Metrics are key telemetry data that provides insight into the health of our system and applications running on them. At Segment, we rely heavily on our Observability tooling to monitor, detect, and resolve issues. Even a momentary downtime in the metrics platform could pose a massive risk to the overall system. This necessitates our metrics platform be reliable and resilient to temporary downtimes and are up and running at any time.
Conventionally, we have been running a Datadog dependent metrics stack that emits DogStatsD metrics and these metrics get sent directly to Datadog. Since StatsD is a UDP based protocol, there are times we’d end up losing data if an agent takes too long to start. This happened frequently for us during the upgrades. Additionally, if any issues arose within Datadog, it would render us completely lost. We had to solve this. With this vision in mind, we set on a journey to re-architect our metrics stack to make it more flexible, resilient, and ready for any third-party downtime.
Metrics data - the scale at which we work
As of today, our metrics platform deals with over 50M+ active series at any time and has had peaks of up to 90M+ active series. We have a major footprint on AWS. Majority of workloads today run either on EKS or Lambda. Within EKS, at any point in time we run about 100k+ pods and about 5k+ nodes. This exemplifies the scale at which we work.
Problems with our current metrics stack
At this scale, you have very little control over the observability data that gets sent out to the end destination and how much of it is really used. This led to random spikes in our platform costs and also high MTTD for the cause of that spike. To resolve this in the short term, we built an automation that gathers the data around metrics and its metadata. This data helped us identify the metrics & tags that were truly used! It worked well, but was unable to help us control a spike from occurring in the first place.
Additionally, with the standard agents like Datadog agent and Veneur that we use to push out metrics, we do not have the luxury to filter out specific tags or metrics in order to control the costs. A high cardinality tag could easily pass through without us getting notified at all, eventually resulting in a spike in the cost. This makes our actions, against the rising cost, mostly reactive.
Since DogstatsD uses a push based mechanism for posting the metric data, any downtime for the metric agents would lead to failing requests and corresponding data loss for metrics. In a scenario, where the agent takes longer to start or just fails to start due to lack of required memory/CPU, the data loss increases. There is no buffering at agent level implemented as of today.
In addition to this, a massive outage like the one that happened in March, could leave us completely unaware if we do not have the facility to quickly route the data to a different backend.

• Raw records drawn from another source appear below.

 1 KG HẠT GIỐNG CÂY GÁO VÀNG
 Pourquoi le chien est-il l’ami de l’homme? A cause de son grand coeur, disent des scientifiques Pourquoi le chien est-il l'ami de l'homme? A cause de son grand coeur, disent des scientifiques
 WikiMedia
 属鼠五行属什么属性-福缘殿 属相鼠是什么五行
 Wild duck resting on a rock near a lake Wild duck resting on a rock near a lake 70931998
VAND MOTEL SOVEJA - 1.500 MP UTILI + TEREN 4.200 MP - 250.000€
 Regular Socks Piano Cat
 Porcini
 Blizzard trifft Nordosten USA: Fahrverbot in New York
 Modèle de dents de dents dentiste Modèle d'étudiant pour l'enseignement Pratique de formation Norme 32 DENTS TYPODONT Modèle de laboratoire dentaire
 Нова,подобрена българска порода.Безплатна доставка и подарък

Lack of control over quality and quantity of data
We were unable to query or analyze the metrics data once sent to Datadog on any platform. As soon as the data was shipped out, we no longer owned it. Our agents (Veneur and Datadog agent) then did not have any possibility of sending these metrics to a different destination. If a situation arose where we wished to analyze high cardinality data in a different backend, we did not have a solution to do so.

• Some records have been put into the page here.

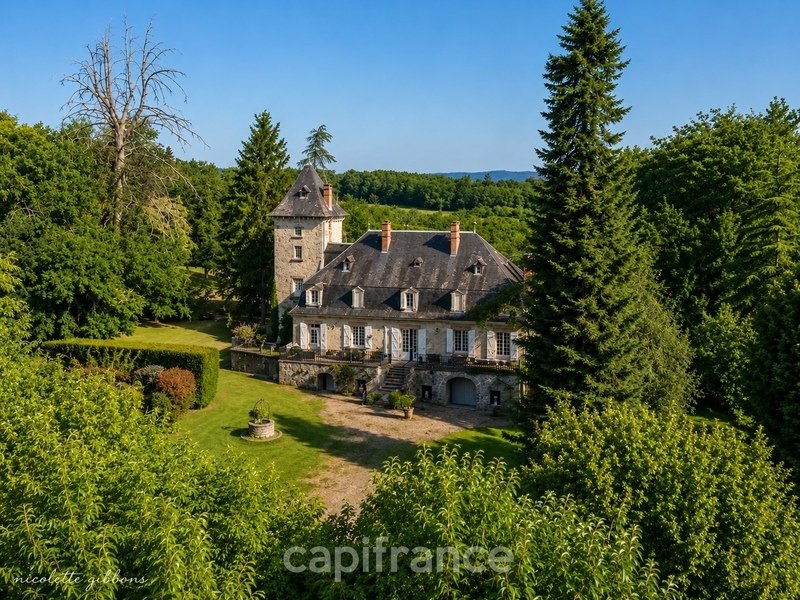 Château à Curemonte, Nouvelle-Aquitaine, France 1 - 18201455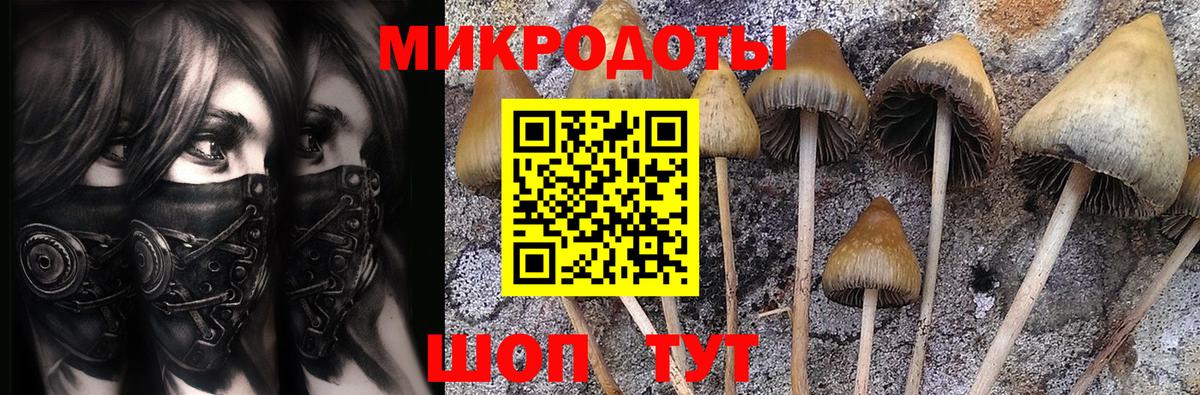 Псилоцибиновые грибы MAGIC MUSHROOMS  Вход с VPN  наркотики  Сыктывкар 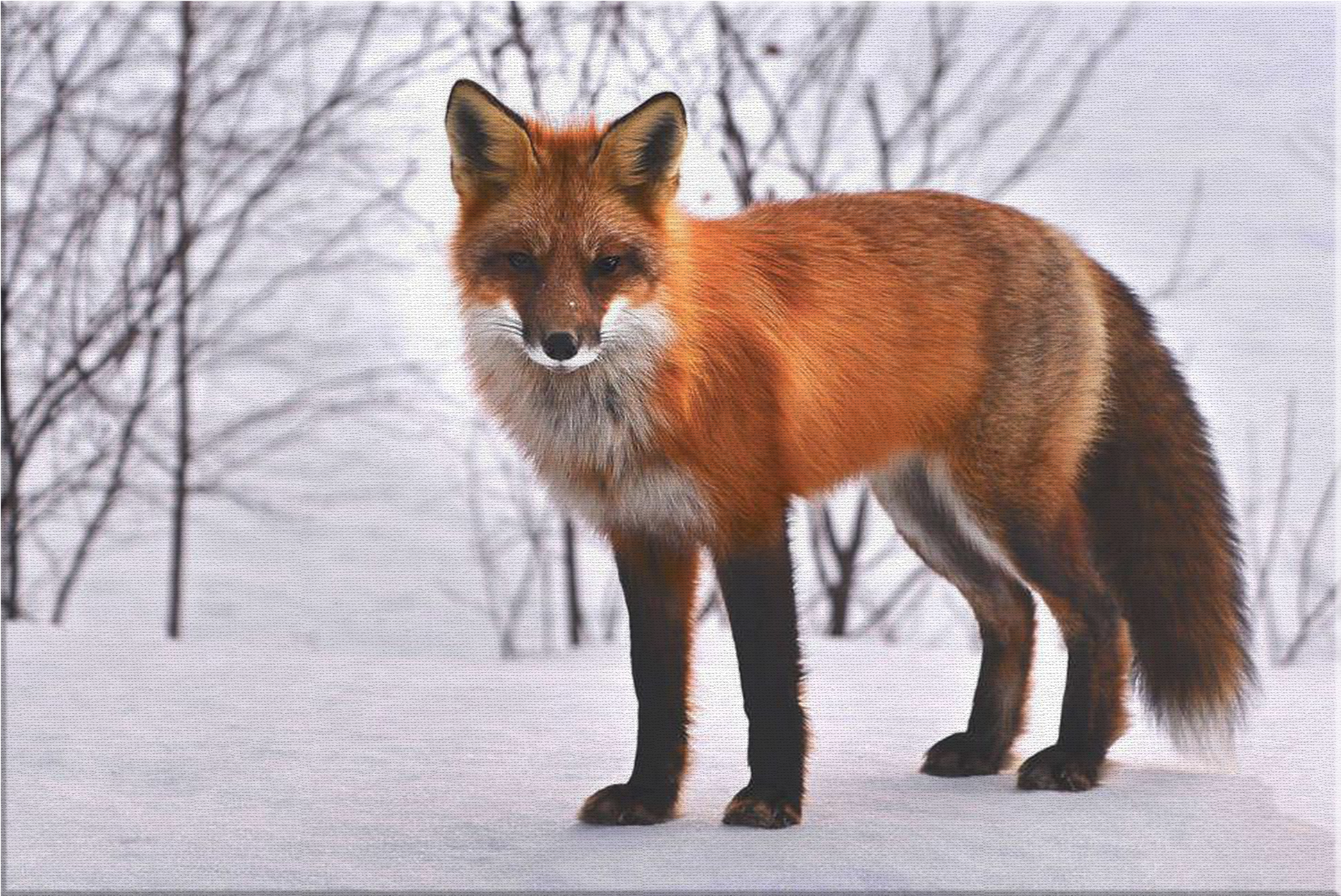 "fox In Winter Snow" Premium Canvas - Public Domain Red Fox (2000x2000), Png Download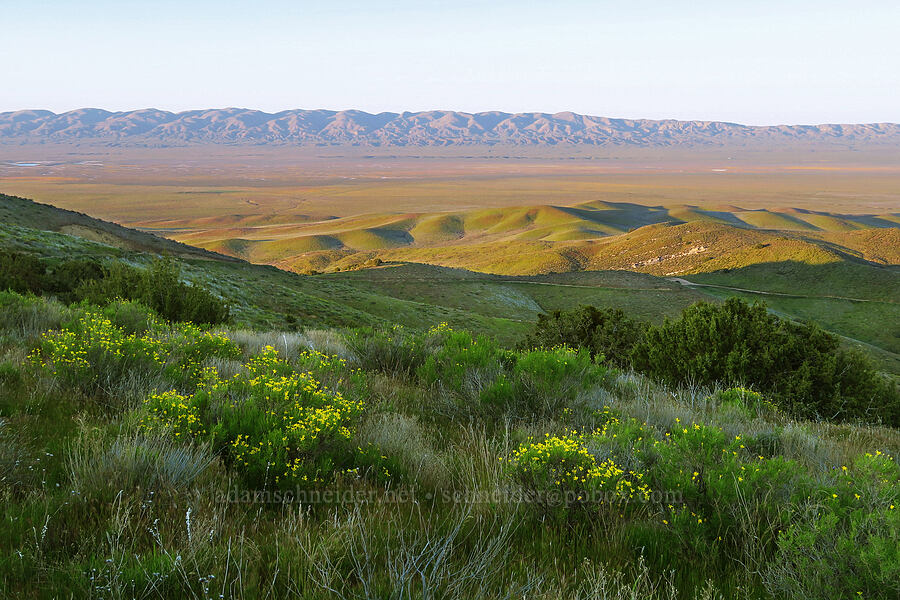 Carrizo Plain, Temblor Range, & narrow-leaf goldenbush (Ericameria linearifolia (Haplopappus linearifolius)) [Caliente Mountain Road, Carrizo Plain National Monument, San Luis Obispo County, California]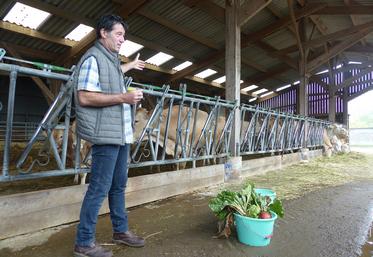 Grâce au collectif «viande à l’équilibre» de la plateforme Approlocal, les éleveurs bio comme Olivier Desmarest  peuvent vendre des bêtes entières aux cantines des collèges. 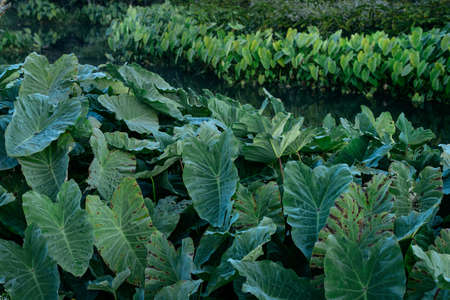 Elephant Ears, a subtropical plant with heart-shaped leaves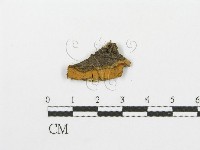 登錄號:F0002777藏品圖，第1張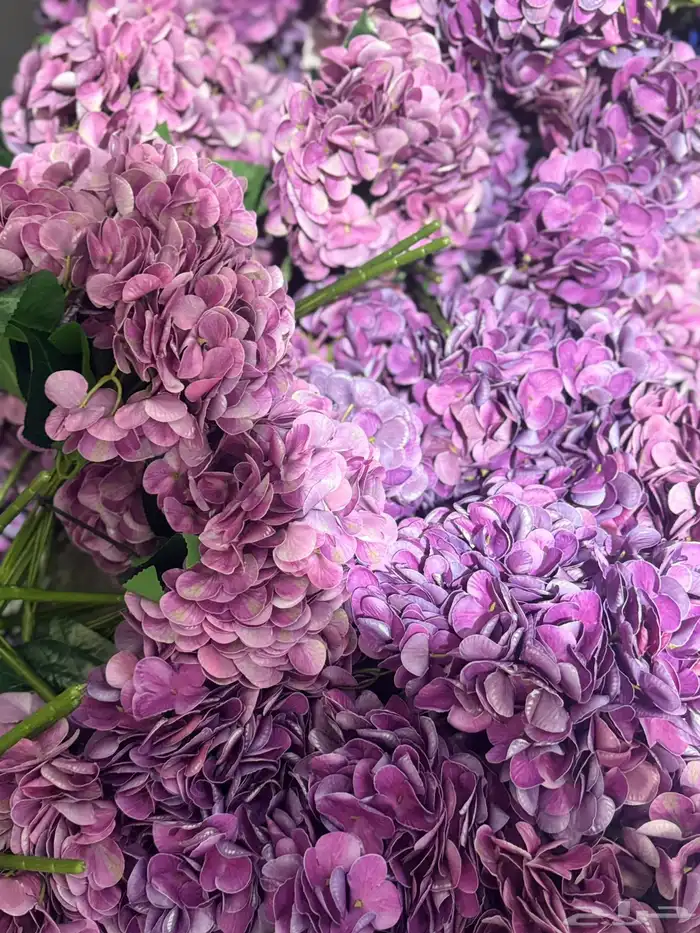 هدايا تغليف اكسوارات 61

Flexibility to route data to a different backend
Since both Datadog and Veneur supported Datadog as the primary sink, we had no option to route the data to a different backend. If, for instance, we wished to route some high cardinality metrics to different destinations and prevent them from spiking Datadog costs, it was not possible with our existing agents.

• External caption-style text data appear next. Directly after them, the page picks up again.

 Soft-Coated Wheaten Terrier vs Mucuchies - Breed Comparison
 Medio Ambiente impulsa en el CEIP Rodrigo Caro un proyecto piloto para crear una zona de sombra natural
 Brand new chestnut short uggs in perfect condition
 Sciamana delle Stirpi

These problems formed the base of our Metrics platform - Vision 2.0.
Metrics platform - Vision 2.0
With the new vision in mind, we set the below functional requirements for our new platform to be built out:
Add buffering capabilities to tolerate downtime of agents
Reduce the restart of cluster level agents
Flexibility to tag data with standard tags at each ingestion point
Ability to easily route metrics to a different destination as and when needed
Allow users to choose where to route the metrics - by just adding a simple tag in the metrics
Own the metrics data and ship it where you want
Reduce/eliminate vendor-locking into custom protocols/features
Based on the goals above, we set out to research the available tooling in the market for building what we call a metrics data pipeline. A metrics data pipeline essentially is a set of tools that come together to programmatically route metrics to the desired destinations. In the process, we also get control over the data getting sent to the sink. Thus, we could manage the tags, frequency of data and the actual metrics too. This helps us greatly in controlling the costs as well as refining and cleaning out data.
In our old setup of the metrics tooling, we had the majority of our footprint in Datadog while only some of it was on Amazon Managed Prometheus (Metrics) & Grafana (Visualization). Our technical requirements are summarized below. We required the ability to:
Ingest StatsD metrics
Ingest metrics via Datadog REST API
Ingest metrics via Prometheus Remote Write
Send out metrics to Datadog
Send out metrics to AMP (Amazon Managed Prometheus)
Support custom tag processing - Add, Remove and Update tags for every metrics
Support for filtering out (skipping) metrics selectively from the target destination
Metrics pipeline - Tooling options
As we set out to research which tools could make this possible, there were two clear options - Open Telemetry Collector and Vector. Upon evaluating the presented options against the above technical requirements, Vector became a clear tool of choice. Open Telemetry collector unfortunately did not support Datadog agent API nor did it support the Prometheus Remote Write receiver. These key gaps led us to the decision of using Vector for the purpose of Pipelining our metrics data.
That said, we did use Open Telemetry collector in agent mode to overcome the horizontal scalability limitation of Prometheus during the time we were architecting the pipeline. We will discuss more about this in our final architecture diagram displaying all the components that we use.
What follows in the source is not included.